Climate change isn't just something to worry about here on Earth. New research published today shows that Mars has undergone a dramatic climate shift in the past that has rendered much of the planet inhospitable to life.
About 3.8 billion years ago, Mars was a reasonably pleasant place. It had a thick atmosphere filled with carbon dioxide that kept it warm. Rivers trickled into lakes across its surface. Some researchers think there might even have been an ocean.
"It seems to have been a much more clement climate, a climate more suitable to sustaining life at the surface," says Bruce Jakosky, a researcher at the University of Colorado, Boulder.
Nobody knows if there was life on Mars back then, but it's now a hostile place. The water's mostly gone. So is a lot of that cozy atmosphere. To try and find out what went wrong, Jakosky and other scientists have sent a spacecraft called the Mars Atmosphere and Volatile Evolution Mission, or MAVEN.
With each swing around Mars, MAVEN actually dips into the planet's atmosphere, gathering data. The results are published today in two journals — Geophysical Research Letters and Science — and they reveal something remarkable: Mars' atmosphere is actually leaking into space.
"It's leaving at a rate about 100 grams per second," Jaksosky says. "That doesn't seem like much, but you add it up over a couple of billion years and it's enough to remove the entire atmosphere."
The cause is our friendly neighborhood star, the sun. It's constantly shooting out high energy particles known collectively as the solar wind.
"[The wind] streams outward at a gas flow at about a million miles per hour," Jaksosky says.

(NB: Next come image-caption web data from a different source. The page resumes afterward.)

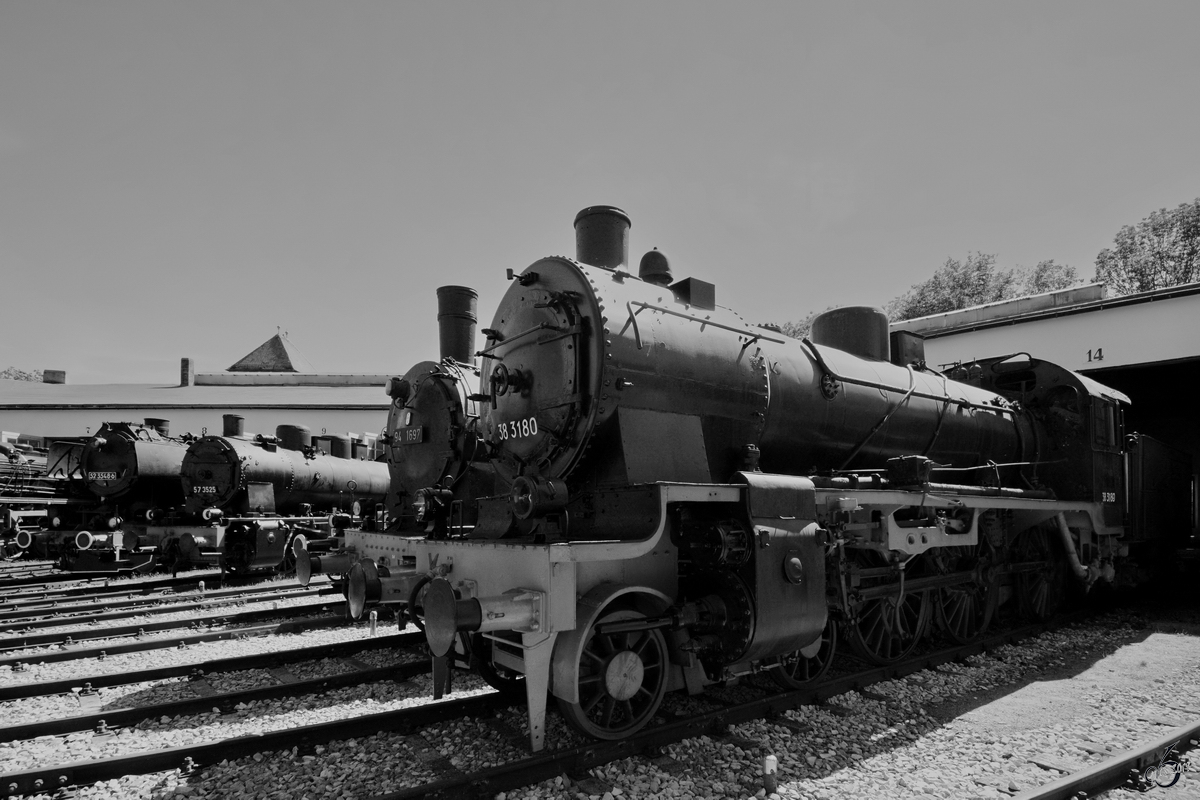 Die Lokomotive 38 3180 Anfang Juni 2019 im Bayerischen Eisenbahnmuseum Nördlingen .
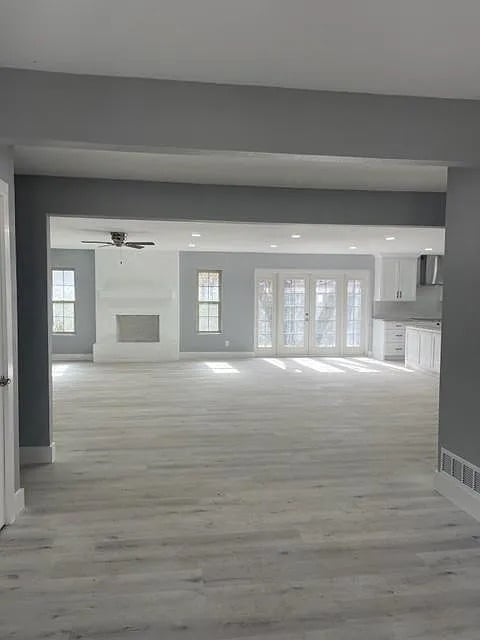Building Photo - Room in House on Springhill Dr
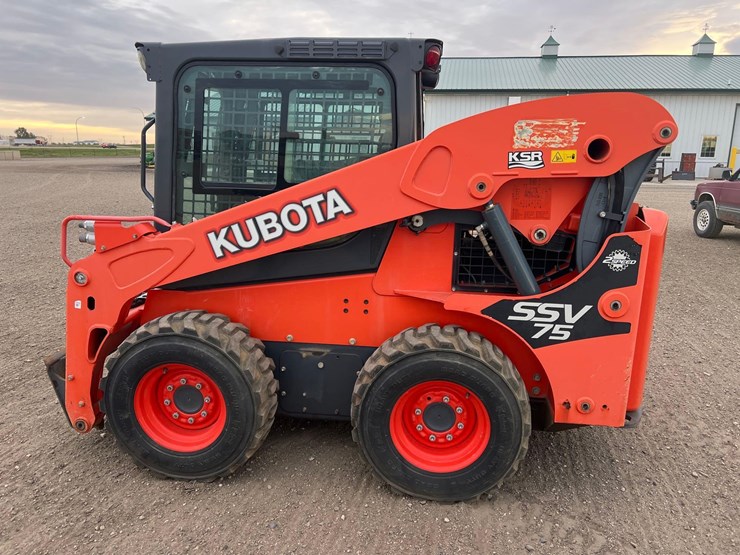 kubota-ssv75-image-8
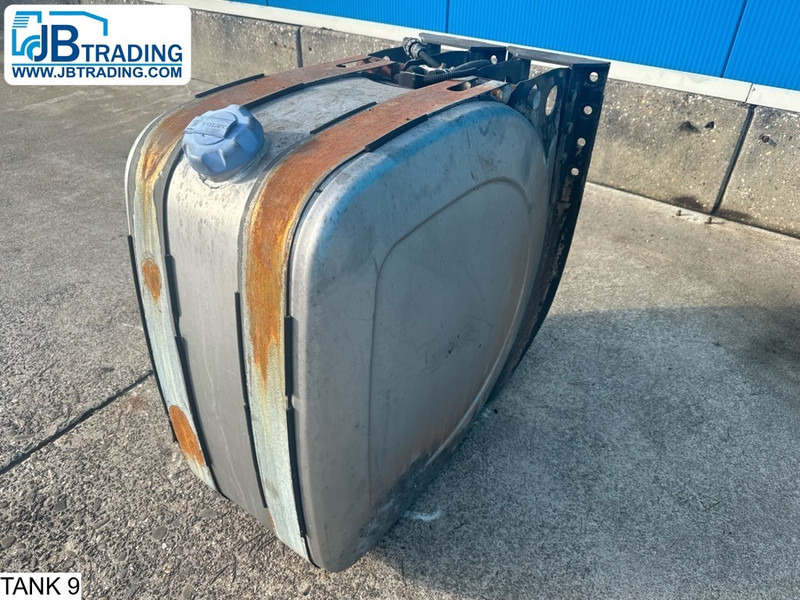 Universeel AdBlue Tank - Depósito de combustible: foto 1 Universeel AdBlue Tank - Depósito de combustible: foto 1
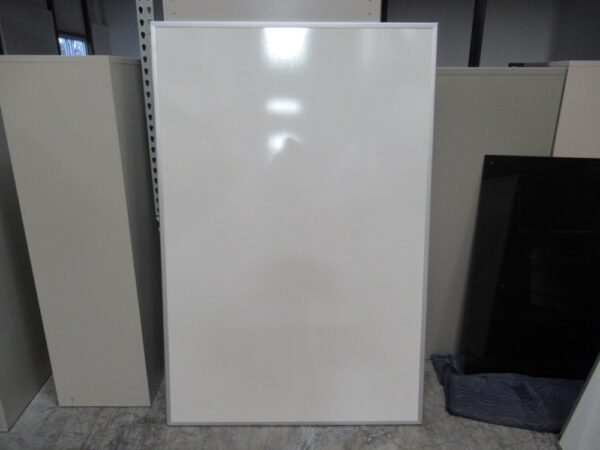 Staples White Board - Large - Image 2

On Earth, our magnetic field blocks the solar wind. Particles become tangled in it before they can ever reach our precious air supply.
There is no magnetic field on Mars, so when the solar wind reaches the Red Planet, the atmosphere gets stripped away.
This wasn't always the case. When Mars was warm and wet, it appears to have had a magnetic field, too. But that field ran out. Scientists think that's when the atmosphere and water began to bleed into space.
"It would have taken a couple of hundred million years," Jaksoky says.
"I think we are onto something new here with the MAVEN results," says Mike Liemohn, a planetary scientist at the University of Michigan.
Liemohn says there are still plenty of questions about what else happened to Mars atmosphere. Did a comet or asteroid impact blow part of it away? Did rocks on the surface suck vital gases? And perhaps most important of all: What happened to Mars's magentic field?
MAVEN continues to orbit, looking for answers.